Therapeutic Remodeling of the Ceramide Backbone Prevents Kidney Injury
Nicholson et al., Cell Metabolism. 2026.
https://pubmed.ncbi.nlm.nih.gov/41232539
Acute kidney injury (AKI) can be caused by a broad range of conditions, including drug toxicity, sepsis, preexisting kidney disorders, and heart failure. AKI increases a person’s chance for chronic kidney disease, morbidity, and mortality, but an effective therapy for AKI is not currently available. Proximal tubules (PTs) within the kidney secrete nonfiltered substances while reabsorbing filtered molecules. Abnormal lipid metabolism and lipid imbalances are linked to AKI, but the underlying mechanisms remain unknown. Using previously published data, urine samples from patients, and 8- to 11-week-old male mouse models, researchers showed that AKI triggers the production of toxic ceramides in PTs and that urine ceramide levels correlate with disease severity. Ceramides disrupt mitochondrial structure and function by altering critical protein complexes, and damage requires a specific molecular feature of ceramides created by the DES1 enzyme. Genetic deletion of DES1 protected mice from kidney injury following bilateral ischemia reperfusion. A novel DES1 inhibitor provided a protective effect, offering a promising therapeutic strategy.
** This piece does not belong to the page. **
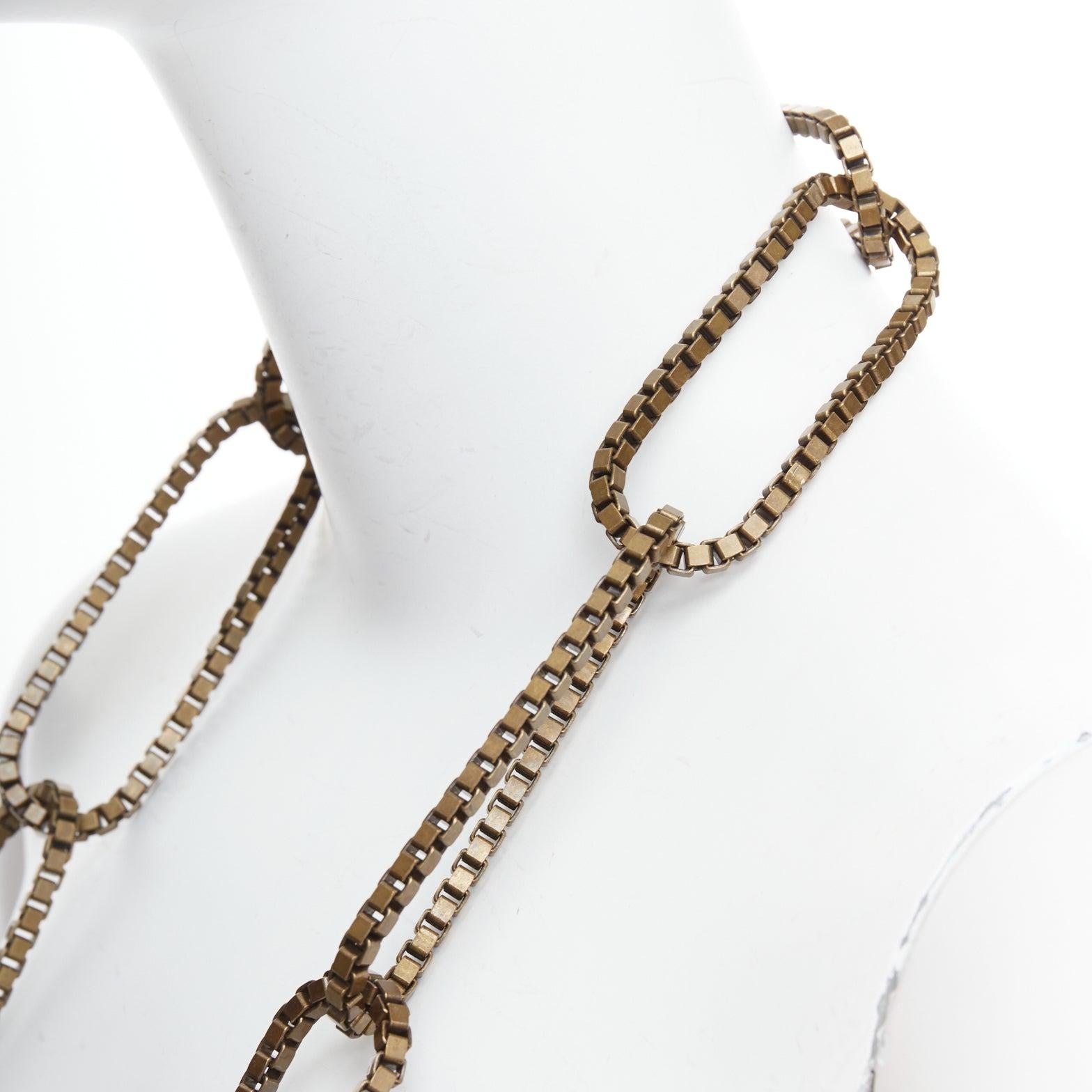 LANVIN bronze gold box loop chain chunky oversized necklace 2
This work reveals ceramide remodeling as a promising target for treating AKI. Supported by ORIP (S10OD016232, S10OD018210, and S10OD021505), NCI, NHLBI, NIA, NIDDK, and NIGMS.
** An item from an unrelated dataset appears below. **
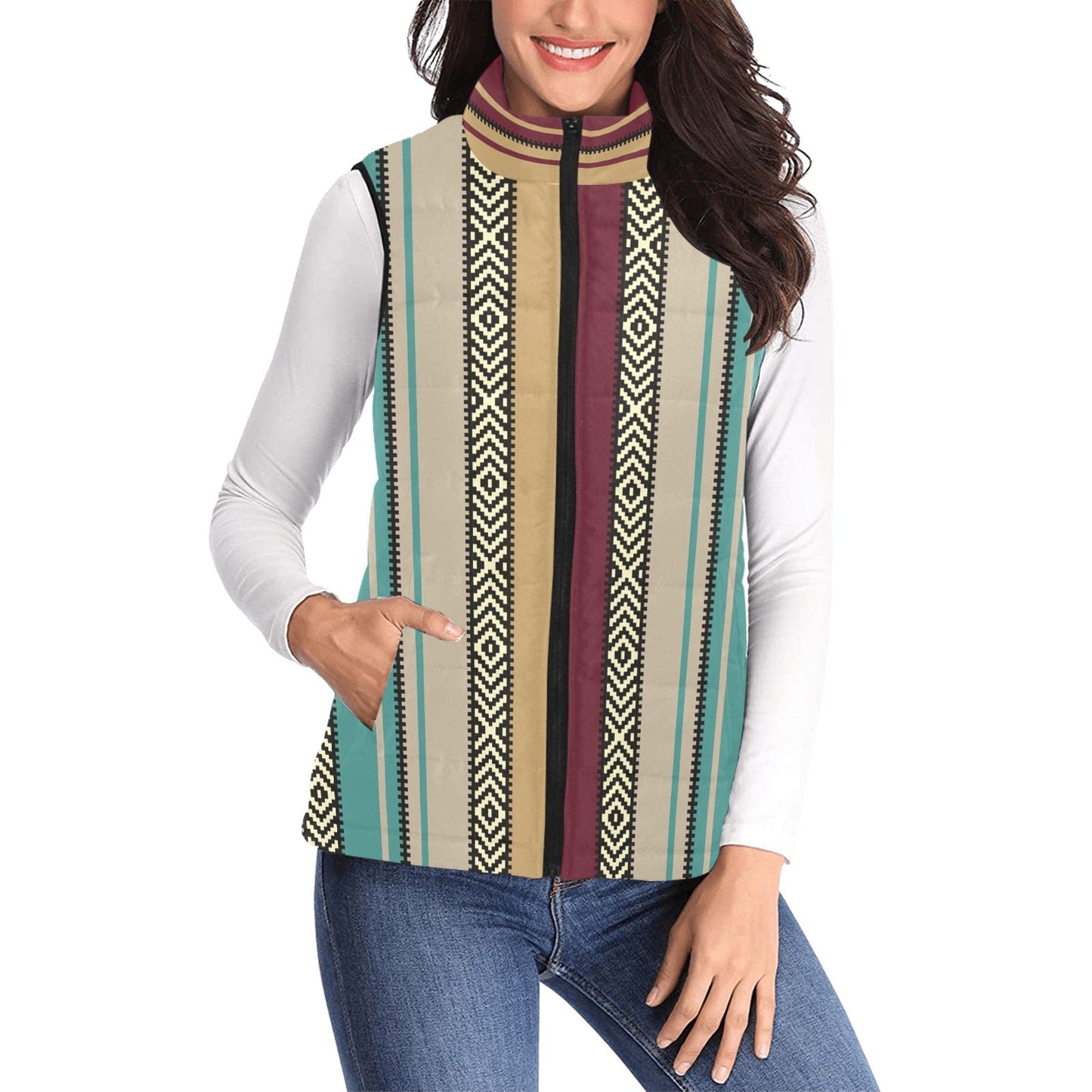 How Bout Them Cowboys Serape Women's Western Puffy Vest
Gastrointestinal MAIT Cells in Chronic HIV-1 Infection
Ferre et al., Journal of Immunology. 2026.
https://pubmed.ncbi.nlm.nih.gov/41024436
Mucosa-associated invariant T (MAIT) cells are innate-like T cells abundant in blood and the gastrointestinal tract. They help control infections by producing immunoproteins, killing infected cells, and hindering microbial growth. Chronic HIV infection reduces MAIT cells and increases vulnerability to secondary infections. In this work, researchers studied immunological responses of blood and mucosal MAIT cells to microbes between people (both sexes) with chronic HIV who are on long-term antiretroviral therapy and people without HIV. While MAIT cells were depleted in the blood of HIV-infected individuals, mucosal MAIT cell levels remained comparable between the two groups. Blood MAIT cells responded robustly to general immune stimulation. However, mucosal MAIT cells responded poorly to Escherichia coli bacterial stimulation, suggesting selective unresponsiveness to normal microbes while maintaining immune functions to other stimuli. HIV-infected individuals showed an impaired MAIT cell antimicrobial defense, providing novel insights worth studying. Supported by ORIP (S10OD018223), NCI, and NIDDK.
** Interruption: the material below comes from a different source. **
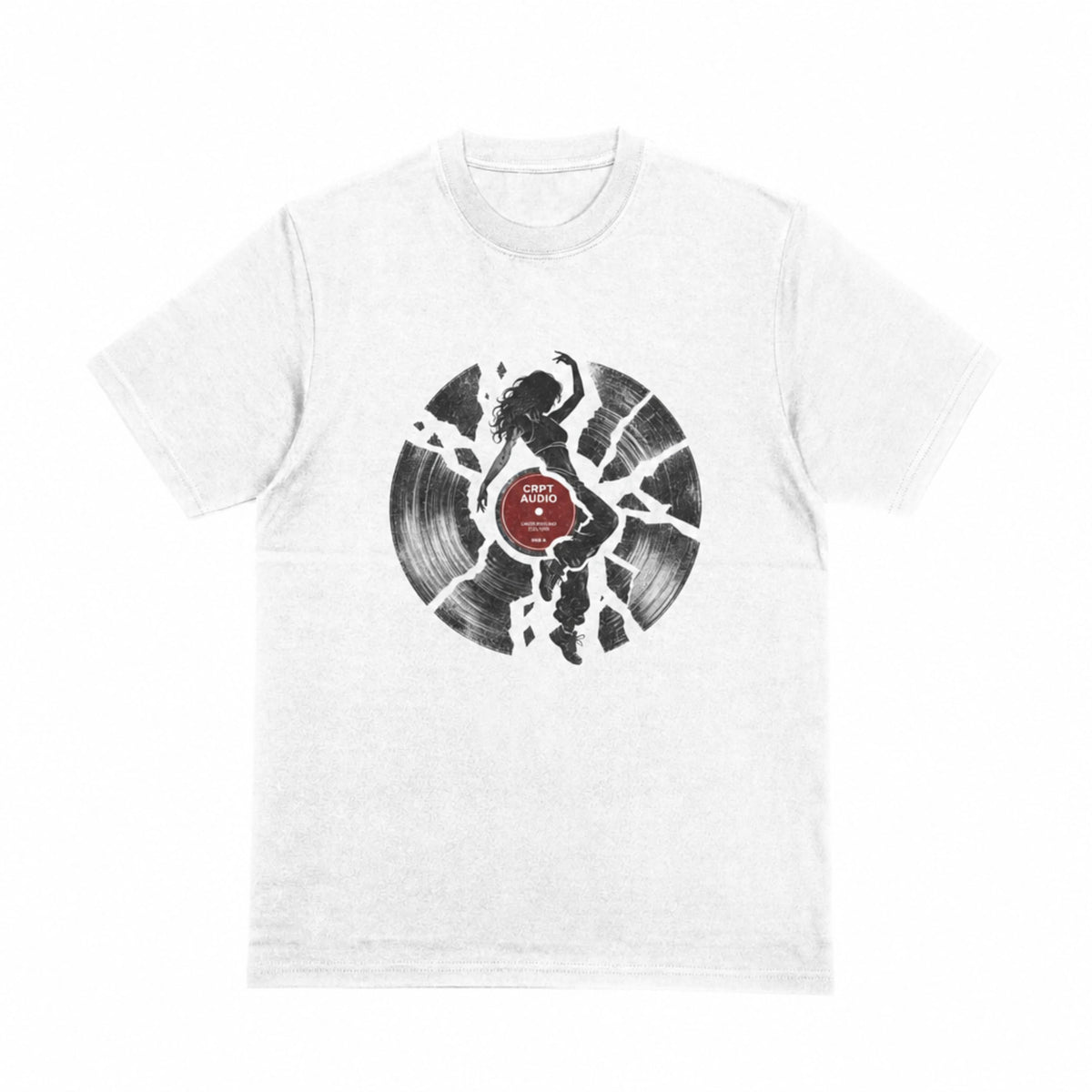 Broken Vinyl graphic tee - white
Targeting FSP1 Triggers Ferroptosis in Lung Cancer
Wu et al., Nature. 2026.
https://pubmed.ncbi.nlm.nih.gov/41193800
Growing evidence shows that cancer cells are highly sensitive to lipid peroxidation (a chemical process that degrades lipids in cell membranes). Ferroptosis is a form of cell death that relies on iron and lipid peroxidation, and two proteins known to suppress ferroptosis are GPX4 and FSP1. In this study, researchers used 8- to 12-week-old genetically engineered mouse models for lung cancer (both sexes used) and selectively deleted these two proteins. Results showed that deleting GPX4 and FSP1 triggered lipid peroxidation and significantly inhibited lung adenocarcinoma tumor development. FSP1 was essential for protecting tumors from ferroptosis in vivo (within an organism) but not in vitro (outside of an organism), highlighting the utility of the mouse models to mimic the physiological conditions of patients. FSP1 expression correlated with disease progression and reduced survival in lung adenocarcinoma patients (sex not stated), unlike GPX4. Drug inhibition of FSP1 showed substantial therapeutic efficacy in preclinical models. These findings establish ferroptosis as a barrier to tumor development and identify FSP1 inhibition as a promising novel therapy for lung cancer patients. Supported by ORIP (S10OD021747, S10OD032292), NCI, and NIGMS.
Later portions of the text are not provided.